## Task instructions
Could you retype only the lines from the one containing "Streetwear × Supreme" through the final line of the entries, both included, skipping any images?

## Input material
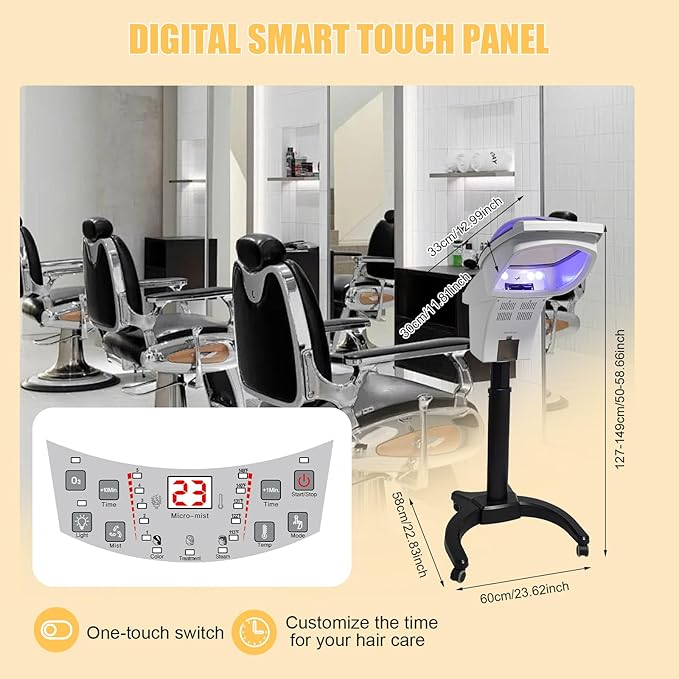 Hair Steamer for Deep Conditioning w/7 Color Light &amp Ozone 700W Micro Mist Scalp Hydration Steamer for Hair Treatment for Natural/Black Hair w/Adjustable Temp for Barbershops (White)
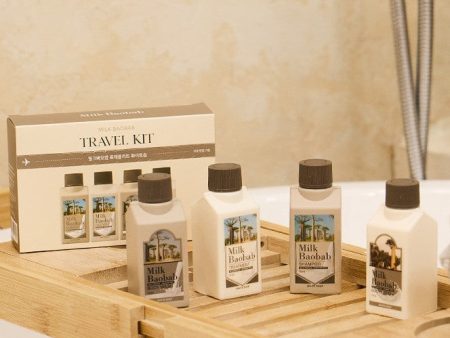 Milk Baobab White Soap Travel Kit White Soap 70ml Shampoo+Conditioner+Body Wash+Body Lotion Set Cheap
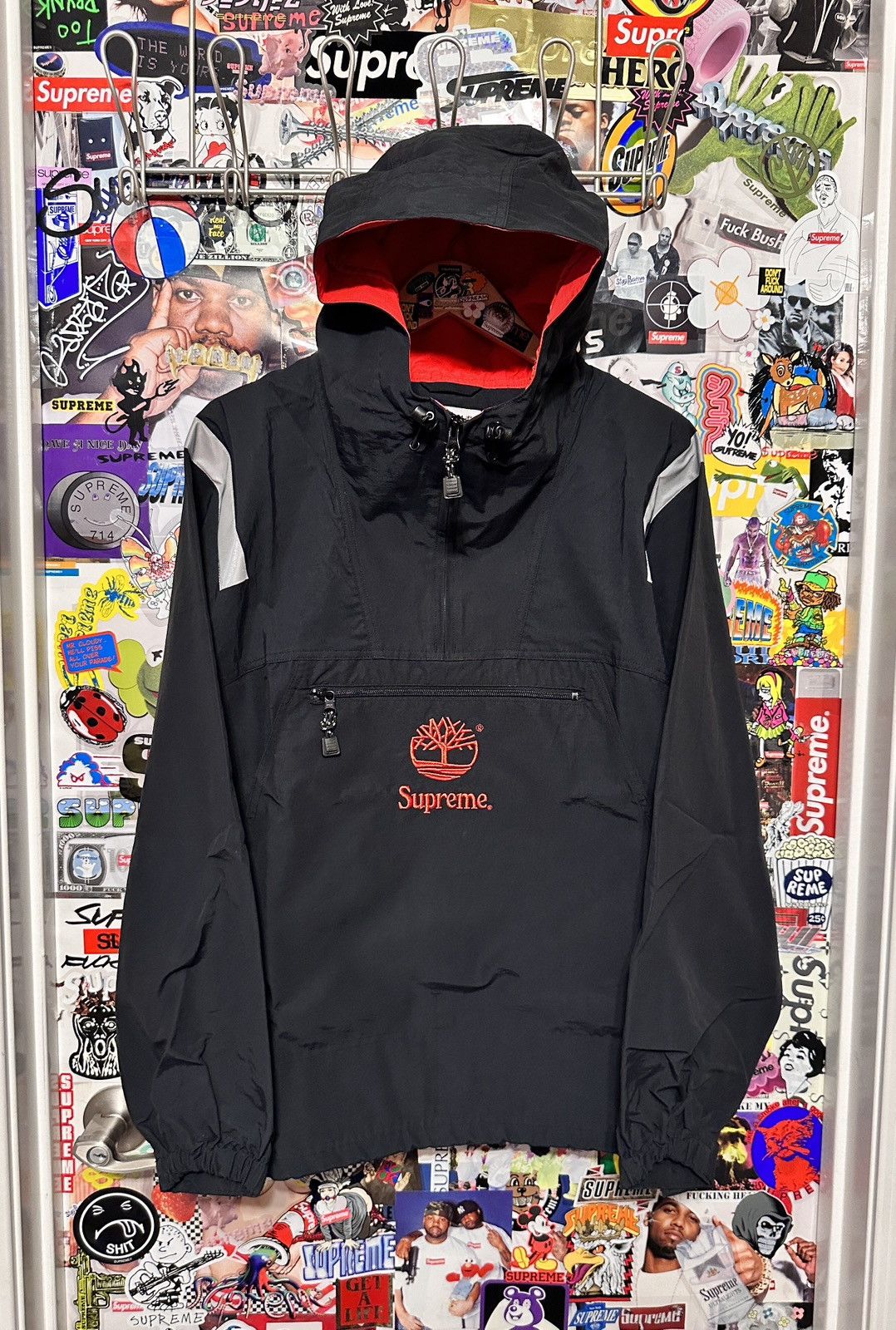 Streetwear × Supreme × Timberland SS21 NEW Supreme Timberland Reflective  Taping Anorak Black M | Grailed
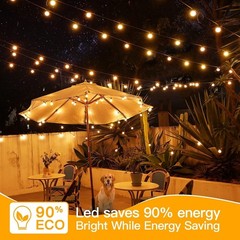 25FT Outdoor String Lights, Waterproof Connectable Shatterproof Outside Light…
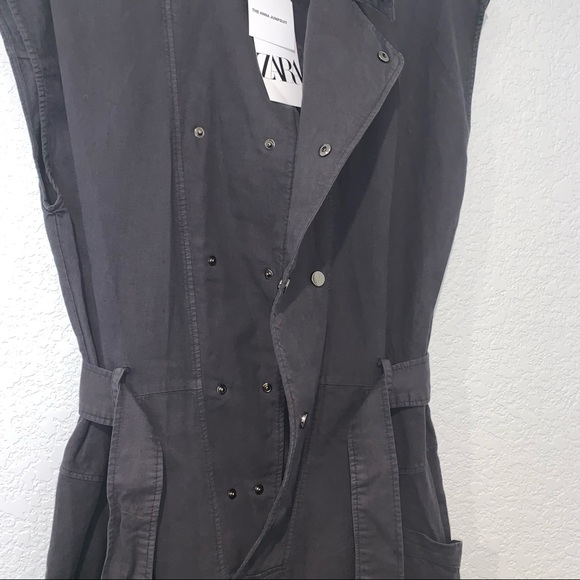 NEW $119 Zara Cotton Linen Blend Utility Jumpsuit with Belt Large FW21 4043/272 - Picture 10 of 15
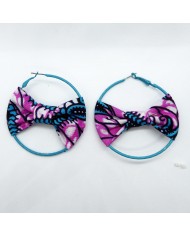 Boucle d'oreilles noeud rose bleu fleur 6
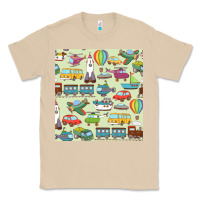 Mushroom Planes, Trains, and Automobiles pattern Chiffon Top Classic Tee - minhPixels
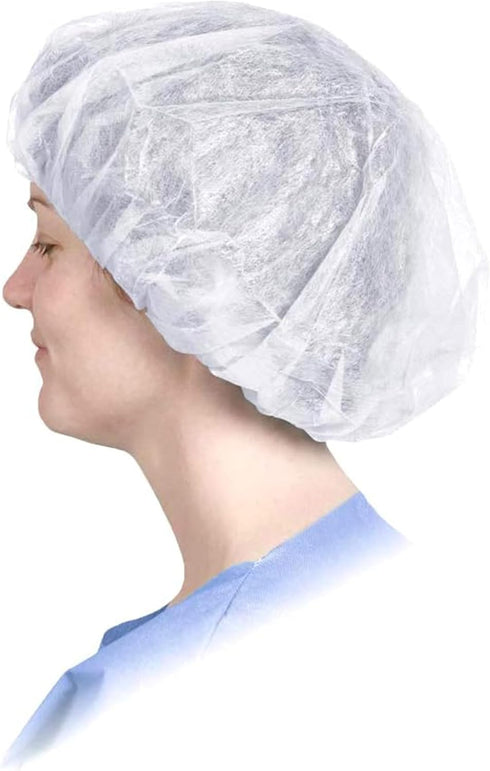 Disposable Bouffant Caps, 100 Pcs, Breathable, Latex-Free, Elastic Edge for Secure Fit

## Exercise answer
 Streetwear × Supreme × Timberland SS21 NEW Supreme Timberland Reflective  Taping Anorak Black M | Grailed
 25FT Outdoor String Lights, Waterproof Connectable Shatterproof Outside Light…
 NEW $119 Zara Cotton Linen Blend Utility Jumpsuit with Belt Large FW21 4043/272 - Picture 10 of 15
 Boucle d'oreilles noeud rose bleu fleur 6
 Mushroom Planes, Trains, and Automobiles pattern Chiffon Top Classic Tee - minhPixels
 Disposable Bouffant Caps, 100 Pcs, Breathable, Latex-Free, Elastic Edge for Secure Fit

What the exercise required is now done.